Negli scavi di Casinalbo è stato possibile individuare alcune tracce e raccogliere una serie di informazioni sul rituale adottato dalla comunità, che consisteva nella cremazione dei defunti. Le evidenze archeologiche identificate possono essere ricondotte ai quattro principali livelli del rituale di passaggio correlato alla morte: le celebrazioni precedenti la cerimonia funebre; la cerimonia funebre vera e propria; il distacco dal defunto attraverso l’inumazione o la cremazione; i rituali successivi alla deposizione. Si ritiene che a Casinalbo il defunto venisse esposto su una piattaforma lignea per essere sottoposto ai rituali che precedevano la cremazione. Successivamente veniva adagiato sulla pira, frequentemente con gli oggetti che ne definivano lo status sociale: spade e/o pugnali per i maschi adulti, spilloni e pendagli per le donne o gli adolescenti. Dopo il rogo le ossa combuste venivano raccolte, lavate, selezionate e infine collocate nell’urna, successivamente deposta in un pozzetto scavato nel terreno, ricoperta di terra e spesso segnalata da un cippo costituito da un grande ciottolo. Gli oggetti personali del defunto, soprattutto quelli dei maschi adulti, non venivano immessi nell’urna o nel pozzetto ma erano successivamente ridotti in minuti frammenti, per decretare con un atto simbolico la loro perdita di funzione, e quindi offerti alla divinità in un’area speciale della necropoli, probabilmente con l’accompagnamento di libagioni, forse a base di vino.

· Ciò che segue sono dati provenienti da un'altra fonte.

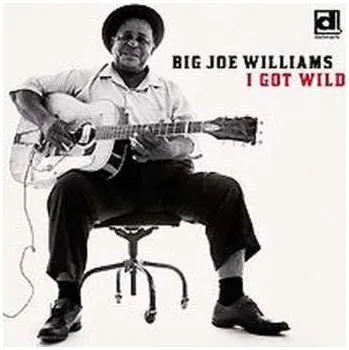 Zahraniční hudba CD Big Joe Williams: I Got Wild 2010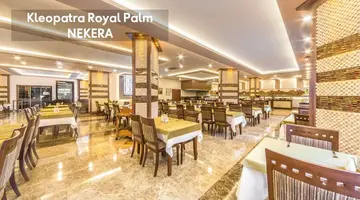 KLEOPATRA ROYAL PALM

Grazie al microscavo condotto sui riempimenti delle urne, è stato osservato che le ossa non erano deposte caoticamente, ma quelle del cranio erano selezionate e deposte per ultime nel cinerario, quasi a voler ricostituire almeno parzialmente la forma anatomica del defunto.
Dalle minuziose analisi antropologiche si sono ricavati dati sulla composizione della società e sulle aspettative di vita. Molti morivano ancora neonati e non venivano deposti nella necropoli, un individuo su tre moriva durante l’infanzia o l’adolescenza, fra gli adulti pochissimi erano sessantenni. Tramite formule complesse mutuate dagli studi di demografia, è stato possibile ricostruire il modello di famiglia nucleare di questa comunità: mediamente una donna poteva avere circa 6 figli. Due dovevano decedere entro i 2-3 anni, uno o due entro i 20, e due o tre riuscivano a raggiungere l’età adulta.

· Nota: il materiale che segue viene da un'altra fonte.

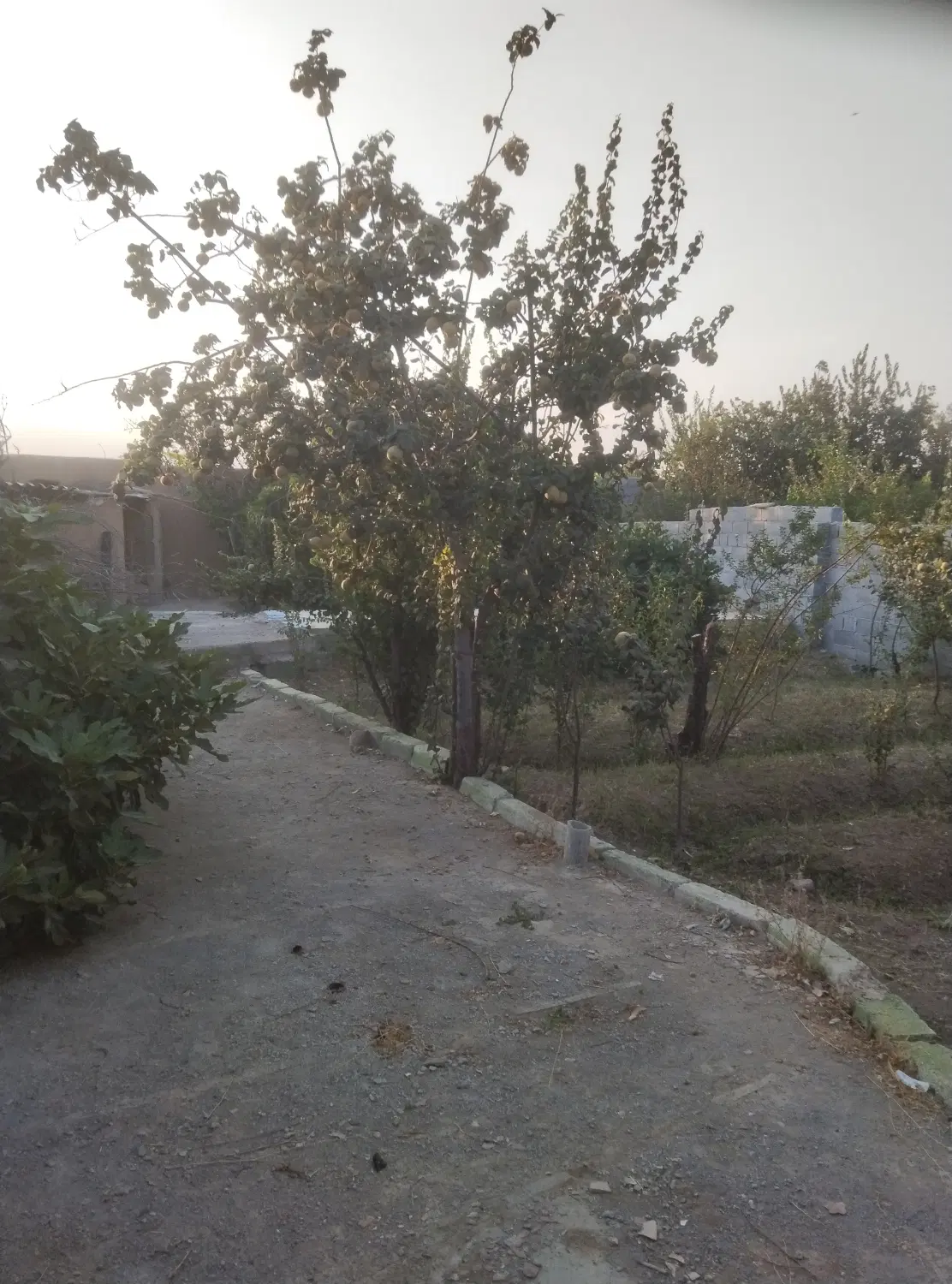 فروش باغ در زرین شهر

I gruppi di sepolture erano posti all’interno di isolati delimitati da strade larghe circa due metri. che si incrociavano ortogonalmente e che isolavano nuclei di sepolture, in gran parte riferibili a gruppi parentelari, che dimostrano di essersi ampliati nel corso dei secoli. All’interno dei raggruppamenti le sepolture maschili e quelle femminili occupavano tendenzialmente posizioni diverse. Questa organizzazione interna della necropoli appare straordinariamente analoga a quella degli abitati terramaricoli, le cui abitazioni sono inserite all’interno di analoghi isolati, risultanti dall’incrocio di assi viari ortogonali. Probabilmente villaggi e necropoli erano organizzati secondo lo stesso modello. Gli isolati forse rispecchiavano l’esistenza di unità residenziali di più abitazioni pertinenti a nuclei parentelari estesi.

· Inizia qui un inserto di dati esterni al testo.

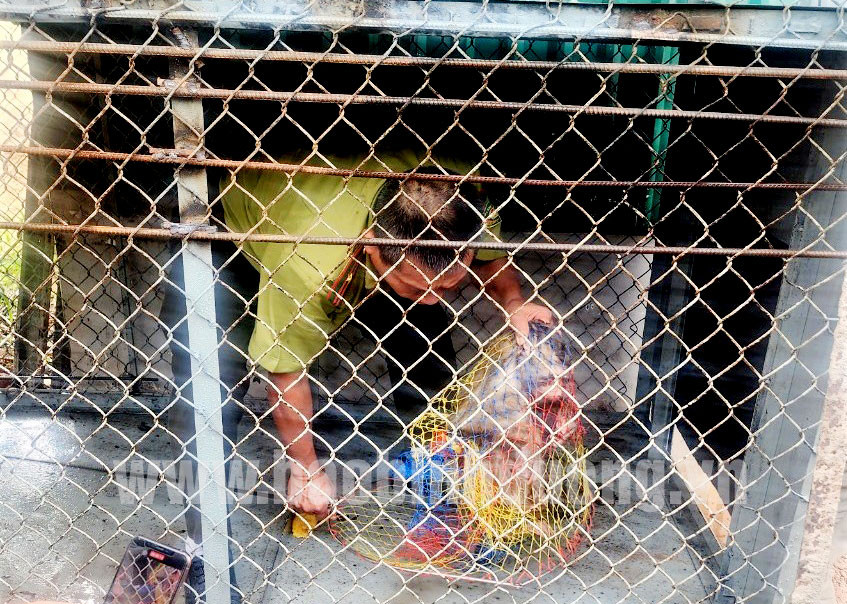 Vào sáng ngày 12/5, Chi cục Kiểm lâm tỉnh cho biết Bình Dương đã tiếp nhận 2 cá thể khỉ đuôi lợn do người dân tự nguyện giao nộp. Trong đó, một cá thể do ông Trịnh Thế Thượng (ngụ phường Mỹ Phước, TX.Bến Cát) giao nộp.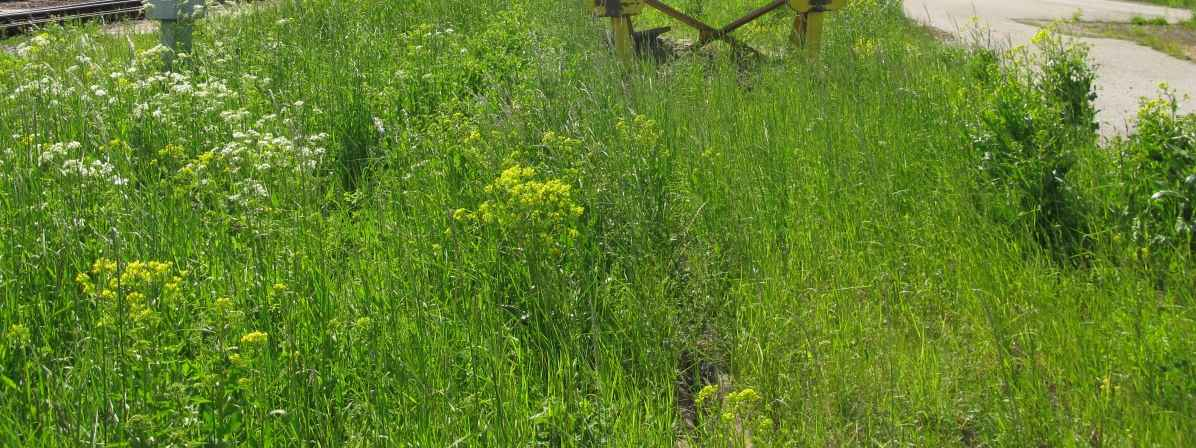 En registrering av gräs kommer förhoppningsvis att ge stora möjligheter att beskriva de gräsknutna naturvärdena på stationsområden. Figur 34.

Sebbene la particolarità del rituale funerario abbia in gran parte mascherato le differenziazioni sociali, l’uniformità della necropoli è solo apparente. Molti indizi (ad esempio la disposizione dei frammenti derivanti dalla frammentazione rituale dei beni posti sulle pira, la presenza di tracce relativa a oggetti in bronzo sui resti ossei combusti, la presenza di offerte in cibo sul rogo funebre) ci fanno comprendere che nelle comunità terramaricole sussistessero differenziazioni in base al rango. All’apice della società si collocava un ceto guerriero a cui si affiancavano alcune donne di rango elevato.